Records for processing below:
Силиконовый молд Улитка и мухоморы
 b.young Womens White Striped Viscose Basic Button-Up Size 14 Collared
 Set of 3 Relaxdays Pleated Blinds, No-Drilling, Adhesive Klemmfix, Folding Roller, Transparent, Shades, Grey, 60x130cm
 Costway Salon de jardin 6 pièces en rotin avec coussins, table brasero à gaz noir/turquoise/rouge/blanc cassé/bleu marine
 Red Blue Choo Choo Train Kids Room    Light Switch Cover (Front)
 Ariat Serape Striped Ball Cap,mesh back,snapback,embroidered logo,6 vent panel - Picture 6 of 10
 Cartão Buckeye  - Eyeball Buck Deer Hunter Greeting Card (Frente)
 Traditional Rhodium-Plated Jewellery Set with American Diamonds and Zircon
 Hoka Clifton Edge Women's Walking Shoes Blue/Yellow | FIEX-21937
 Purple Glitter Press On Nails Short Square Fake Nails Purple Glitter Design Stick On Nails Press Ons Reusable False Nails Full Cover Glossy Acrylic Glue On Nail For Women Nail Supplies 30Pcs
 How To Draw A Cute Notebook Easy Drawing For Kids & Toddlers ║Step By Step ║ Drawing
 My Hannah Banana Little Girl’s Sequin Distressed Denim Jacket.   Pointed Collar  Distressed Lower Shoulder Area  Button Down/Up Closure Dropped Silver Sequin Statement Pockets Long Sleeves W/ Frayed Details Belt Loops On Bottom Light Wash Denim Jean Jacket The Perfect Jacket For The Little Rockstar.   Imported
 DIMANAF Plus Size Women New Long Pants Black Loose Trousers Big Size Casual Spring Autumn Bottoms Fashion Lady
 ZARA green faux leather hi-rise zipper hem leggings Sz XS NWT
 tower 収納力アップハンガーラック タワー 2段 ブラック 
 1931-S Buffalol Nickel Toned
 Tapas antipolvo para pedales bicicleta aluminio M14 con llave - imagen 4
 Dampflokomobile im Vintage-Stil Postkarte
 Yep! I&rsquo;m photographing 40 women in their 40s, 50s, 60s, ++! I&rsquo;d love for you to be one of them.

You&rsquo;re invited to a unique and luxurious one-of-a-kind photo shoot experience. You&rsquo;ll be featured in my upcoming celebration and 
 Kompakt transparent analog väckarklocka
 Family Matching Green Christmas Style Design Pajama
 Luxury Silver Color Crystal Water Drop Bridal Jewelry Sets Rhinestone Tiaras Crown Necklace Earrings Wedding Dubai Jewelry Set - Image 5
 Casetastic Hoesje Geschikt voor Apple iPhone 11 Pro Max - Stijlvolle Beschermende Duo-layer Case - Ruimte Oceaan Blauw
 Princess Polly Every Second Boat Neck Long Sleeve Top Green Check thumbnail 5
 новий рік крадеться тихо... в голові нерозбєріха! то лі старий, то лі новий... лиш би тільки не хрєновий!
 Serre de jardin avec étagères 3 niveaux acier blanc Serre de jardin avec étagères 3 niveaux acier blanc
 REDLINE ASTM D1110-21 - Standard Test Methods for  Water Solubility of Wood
End of Records for processing.
» Exercise instructions:
The full listing above is to be copied exactly, line for line.

» Task answer:
Силиконовый молд Улитка и мухоморы
 b.young Womens White Striped Viscose Basic Button-Up Size 14 Collared
 Set of 3 Relaxdays Pleated Blinds, No-Drilling, Adhesive Klemmfix, Folding Roller, Transparent, Shades, Grey, 60x130cm
 Costway Salon de jardin 6 pièces en rotin avec coussins, table brasero à gaz noir/turquoise/rouge/blanc cassé/bleu marine
 Red Blue Choo Choo Train Kids Room    Light Switch Cover (Front)
 Ariat Serape Striped Ball Cap,mesh back,snapback,embroidered logo,6 vent panel - Picture 6 of 10
 Cartão Buckeye  - Eyeball Buck Deer Hunter Greeting Card (Frente)
 Traditional Rhodium-Plated Jewellery Set with American Diamonds and Zircon
 Hoka Clifton Edge Women's Walking Shoes Blue/Yellow | FIEX-21937
 Purple Glitter Press On Nails Short Square Fake Nails Purple Glitter Design Stick On Nails Press Ons Reusable False Nails Full Cover Glossy Acrylic Glue On Nail For Women Nail Supplies 30Pcs
 How To Draw A Cute Notebook Easy Drawing For Kids & Toddlers ║Step By Step ║ Drawing
 My Hannah Banana Little Girl’s Sequin Distressed Denim Jacket.   Pointed Collar  Distressed Lower Shoulder Area  Button Down/Up Closure Dropped Silver Sequin Statement Pockets Long Sleeves W/ Frayed Details Belt Loops On Bottom Light Wash Denim Jean Jacket The Perfect Jacket For The Little Rockstar.   Imported
 DIMANAF Plus Size Women New Long Pants Black Loose Trousers Big Size Casual Spring Autumn Bottoms Fashion Lady
 ZARA green faux leather hi-rise zipper hem leggings Sz XS NWT
 tower 収納力アップハンガーラック タワー 2段 ブラック 
 1931-S Buffalol Nickel Toned
 Tapas antipolvo para pedales bicicleta aluminio M14 con llave - imagen 4
 Dampflokomobile im Vintage-Stil Postkarte
 Yep! I&rsquo;m photographing 40 women in their 40s, 50s, 60s, ++! I&rsquo;d love for you to be one of them.

You&rsquo;re invited to a unique and luxurious one-of-a-kind photo shoot experience. You&rsquo;ll be featured in my upcoming celebration and 
 Kompakt transparent analog väckarklocka
 Family Matching Green Christmas Style Design Pajama
 Luxury Silver Color Crystal Water Drop Bridal Jewelry Sets Rhinestone Tiaras Crown Necklace Earrings Wedding Dubai Jewelry Set - Image 5
 Casetastic Hoesje Geschikt voor Apple iPhone 11 Pro Max - Stijlvolle Beschermende Duo-layer Case - Ruimte Oceaan Blauw
 Princess Polly Every Second Boat Neck Long Sleeve Top Green Check thumbnail 5
 новий рік крадеться тихо... в голові нерозбєріха! то лі старий, то лі новий... лиш би тільки не хрєновий!
 Serre de jardin avec étagères 3 niveaux acier blanc Serre de jardin avec étagères 3 niveaux acier blanc
 REDLINE ASTM D1110-21 - Standard Test Methods for  Water Solubility of Wood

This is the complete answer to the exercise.